──────── Provided records ────────

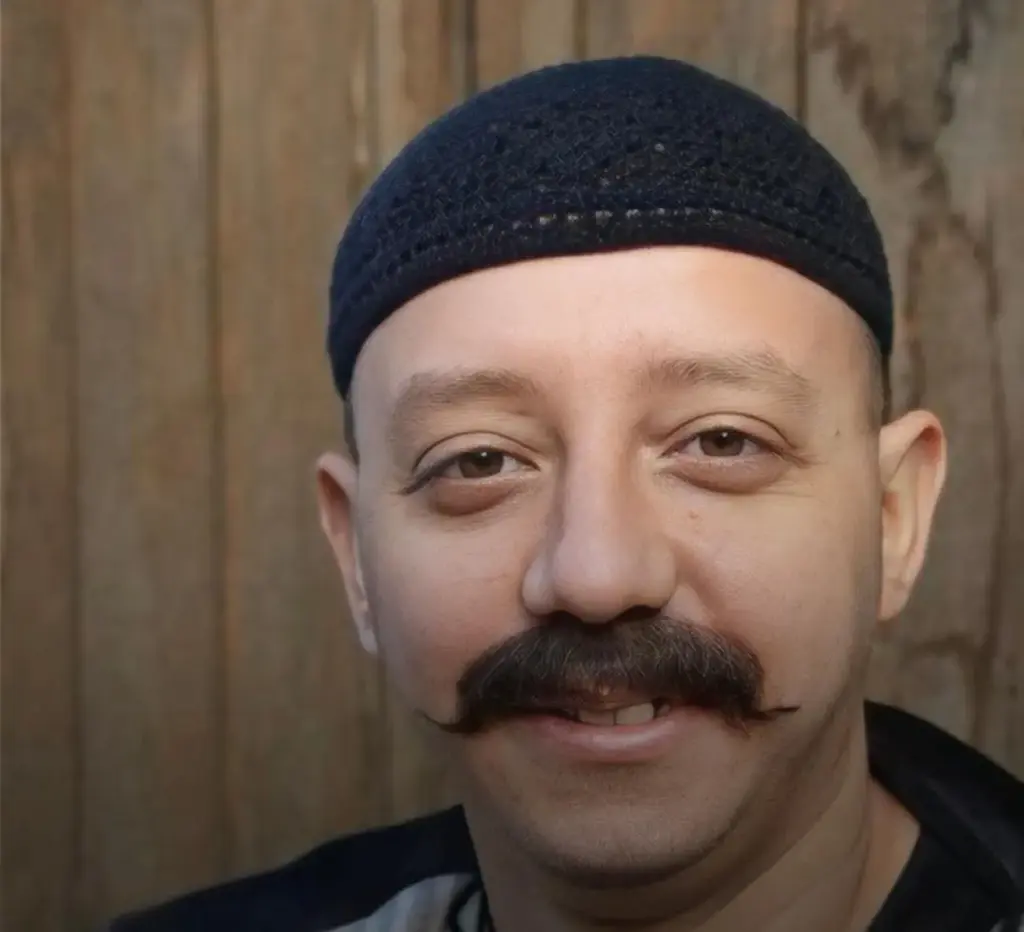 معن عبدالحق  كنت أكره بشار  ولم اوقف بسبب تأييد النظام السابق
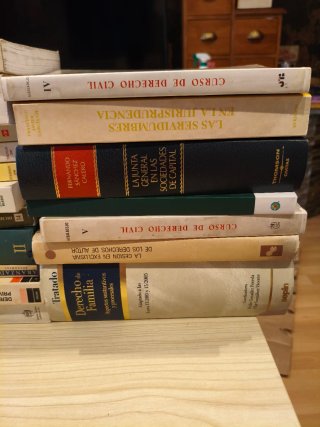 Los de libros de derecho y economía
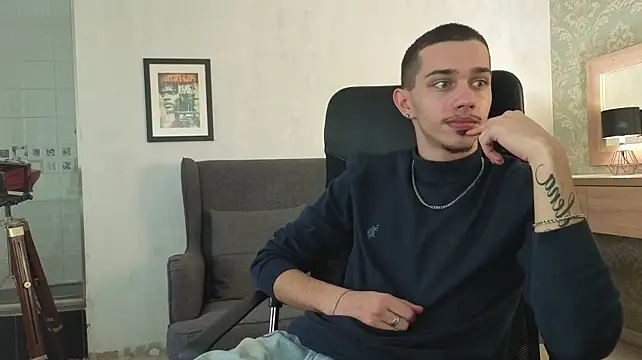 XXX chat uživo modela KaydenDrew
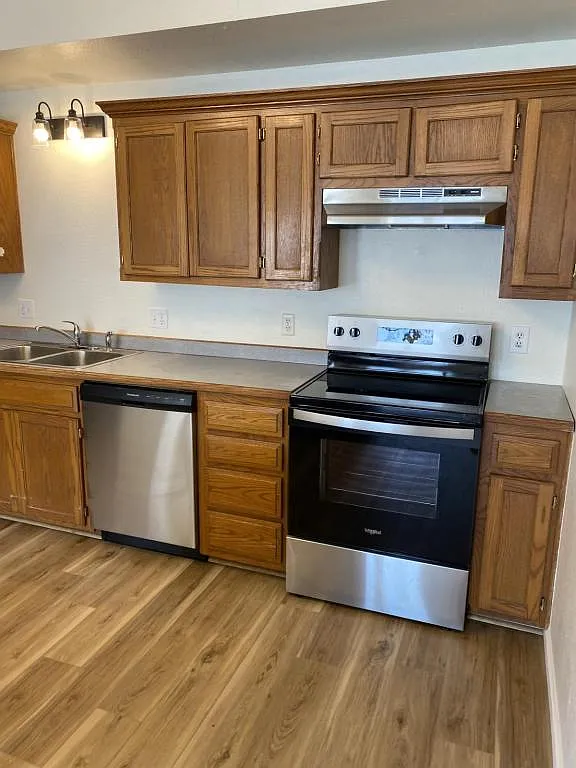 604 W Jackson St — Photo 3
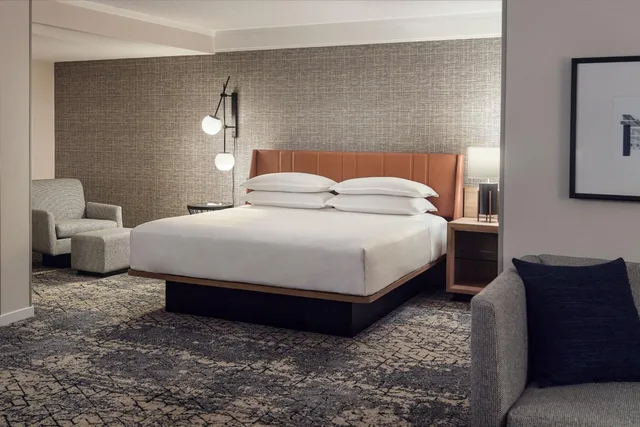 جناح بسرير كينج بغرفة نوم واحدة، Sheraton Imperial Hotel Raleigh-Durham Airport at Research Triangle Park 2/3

────────

_Your objective_
Since only the text is needed, retype the data above exactly and omit the pictures.

_Solution for this task_
 معن عبدالحق  كنت أكره بشار  ولم اوقف بسبب تأييد النظام السابق
 Los de libros de derecho y economía
 XXX chat uživo modela KaydenDrew
 604 W Jackson St — Photo 3
 جناح بسرير كينج بغرفة نوم واحدة، Sheraton Imperial Hotel Raleigh-Durham Airport at Research Triangle Park 2/3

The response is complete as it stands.